Alberto Andreu Defends Corporate Culture and Horizontal Business Structure at School of Economics and Business Administration
Part of the My Experience Managing People lecture series in the Master's Degree in Personnel Management for Organizations

"Why is it all so hard when it could be so easy?" asked Alberto Andreu Pinillos, the Global Director of Organization and Corporate Culture at Telefónica, as he started his lecture in the My Experience Managing People series, which is organized by the School of Economics and Business Administration's Master's Degree in Personnel Management for Organizations.
That question wasn't just the title of Andreu's lecture; it is also the key to a company's organizational framework. "Why do execution times get extended despite the urgency and the abundance of determination and resources?", he continued. "Maybe the answer lies in the corporate culture".
"Tasks in an organization are usually structured vertically.

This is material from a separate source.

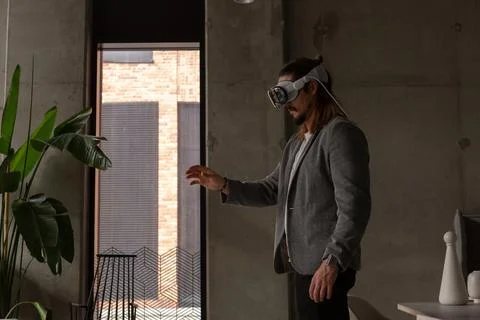 A man explores the potential of spatial computing with an AR headset Stock Photos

The real challenge is learning how to act horizontally, how to inject that culture into the finance area, sales, quality and so on", said Andreu, who is also an adjunct professor at the School.

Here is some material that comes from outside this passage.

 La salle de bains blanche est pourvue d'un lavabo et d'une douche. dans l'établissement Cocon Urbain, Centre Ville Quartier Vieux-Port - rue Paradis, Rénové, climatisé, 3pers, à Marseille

He said that businesses rest on four pillars: the formal structure (governance, written rules and procedures), the informal structure (the internal network and social networks), people (conditions and behaviors) and technology (systems and operations).
Andreu stressed the importance of the informal structure: "If you're not aware of who's taking up space in the decision maker's mind, you don't know where you are, because there's a parallel organization chart of informal contacts based on the concept of "You scratch my back, I scratch yours. Otherwise, I'm in your way."
He also made a distinction between two kinds of people: senior executives and millennials, the latter having grown up surrounded by technology. These two distinct profiles have led to "a lot of tension", since they have modified the hierarchy of values to include perks such as laundry service, Fridays off instead of Sundays and the option to work from home or while traveling.
"Technology is cross-cutting because it uses a different language. So if you don't have a cell phone, you don't exist", he noted. "That makes this a unique time for companies and organizations: the time will come when computers' capacity for creation and processing will be vastly superior to humans'. They'll learn how to learn and then they'll be faster at practically everything".
"You have to clarify, know where your company is and where you want to go. Share objectives, budgets and incentives. Emphasize the how". Andreu closed by saying that the best way to achieve a horizontal structure is by "connecting all your processes together".